Activity: Starting at the line that holds "MOOSE UTILITY DIVISION" and stopping at the line that holds "Tiger Woods receives", restate the records below word for word, with both of those lines included.

Data records:
□ □ □

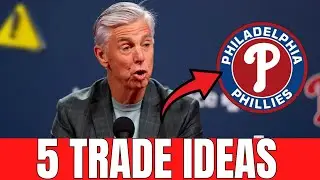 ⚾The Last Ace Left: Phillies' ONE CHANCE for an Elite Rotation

□ □ □

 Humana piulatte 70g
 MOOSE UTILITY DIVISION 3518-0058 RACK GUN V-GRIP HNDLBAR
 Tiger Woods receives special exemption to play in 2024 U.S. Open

□ □ □

Answer to this task:
 MOOSE UTILITY DIVISION 3518-0058 RACK GUN V-GRIP HNDLBAR
 Tiger Woods receives special exemption to play in 2024 U.S. Open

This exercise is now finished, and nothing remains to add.